Sábado 15 de febrero; 07:00 h de la mañana en San Cristóbal de La Laguna; Iglesia del Monasterio de Santa Catalina, Plaza del Adelantado, llena y comienza a formarse una cola de personas que quieren visitar el sarcófago en el que se custodia el cuerpo incorrupto de esta monja contemplativa del siglo XVIII. Como cada año: Sor María de Jesús, La Siervita.
Lo común ya no es noticia; pero esta visita anual con ocasión del aniversario de su muerte, vuelve a ser noticia. Algo tiene este lugar y esta mujer para que casi tres siglos más tarde sigan siendo actual su vida y su labor. Porque una monja dedica su vida a orar intercediendo por los demás. Lo hizo durante su vida y muchísimas personas acuden, papel en mano, a ofrecerle sus intenciones para que siga siendo monja en el Cielo. El olfato espiritual de la gente sencilla reconoce dónde están las cosas buenas que hacen bien. Y, como todos los años, la visita a La Siervita se repite. Siempre pidiéndole a Dios que su canonización llegue pronto.
Decirle Siervita es una forma cariñosa de apocar su condición de Sierva de Dios. No es por pequeñez, sino por cariño que la hacemos cercana a nuestro corazón y necesidad. La Siervita es una humilde sierva del Señor. Así ocurrió durante su vida y creemos que así ocurre en el presente nuestro. Está a nuestro servicio sirviéndonos a Dios en plato espiritual. Bastaría que nos cambiara el corazón y nos hiciera sentir que nuestra vida será más vida si la ponemos al servicio de los demás. Servir es un honor. Y quien no sirve, para nada sirve.
El servicio es una actitud humana fundamental porque responde a nuestra naturaleza relacional y solidaria. Desde tiempos remotos, las personas han encontrado en la ayuda mutua un pilar esencial para la convivencia y el desarrollo de sociedades más justas y armónicas. Servir a los demás no solo fortalece los lazos comunitarios, sino que también permite a cada individuo descubrir su propia humanidad en la entrega desinteresada. Esta disposición al servicio no se limita a grandes gestos, sino que se manifiesta en lo cotidiano: en la escucha atenta, en el apoyo sincero y en la voluntad de hacer el bien sin esperar recompensas materiales.
Además, el servicio es un camino hacia el gozo profundo, pues nos conecta con un sentido de propósito que trasciende lo meramente individual. Al dar sin condiciones, experimentamos una alegría que nace de la certeza de haber contribuido al bienestar de otros. Este tipo de felicidad es más duradera que la que proviene de logros personales o bienes materiales, porque brota de un sentido de trascendencia y plenitud. Servir nos enriquece espiritualmente, nos ayuda a salir de la indiferencia y nos hace partícipes de una dinámica de amor y generosidad que transforma tanto al que da como al que recibe.

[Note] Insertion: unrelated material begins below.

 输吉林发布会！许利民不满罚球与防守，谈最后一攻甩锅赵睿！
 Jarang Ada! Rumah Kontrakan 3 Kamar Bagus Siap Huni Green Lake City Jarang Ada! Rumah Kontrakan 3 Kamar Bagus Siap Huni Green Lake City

“El que quiera ser el primero, que sea el servidor de todos” (Mc 10,44). En estas palabras de Jesús resuena el misterio del verdadero liderazgo, el arte sublime de hacerse pequeño para engrandecer al hermano. Servir no es solo un acto de generosidad, sino un modo de existir, un sendero donde el alma se inclina, como el Maestro que lavó los pies de sus discípulos, para tocar con humildad la esencia del otro. En el servicio fraterno se despojan las máscaras del egoísmo y se visten las manos con la ternura del que sabe que cada gesto de amor es semilla de eternidad. Es allí, en el don de sí mismo, donde el corazón encuentra su música más alta, el gozo sereno de quien descubre que la verdadera grandeza no está en ser servido, sino en amar hasta el extremo. Quien asume la vida como un servicio, en su profesión o en su familia, es capaz de hacer atravesar siglos la más pequeña acción. Por eso creo que es oportuno seguir llamando a Sor María de Jesús de León, La Siervita. La servidora pequeña de La Laguna que hizo grandes a sus hermanas y a las personas con las que tuvo contacto. Servir a Dios sirviendo a las personas con lo que somos y tenemos. Hacer útil nuestro existir en el servicio humilde.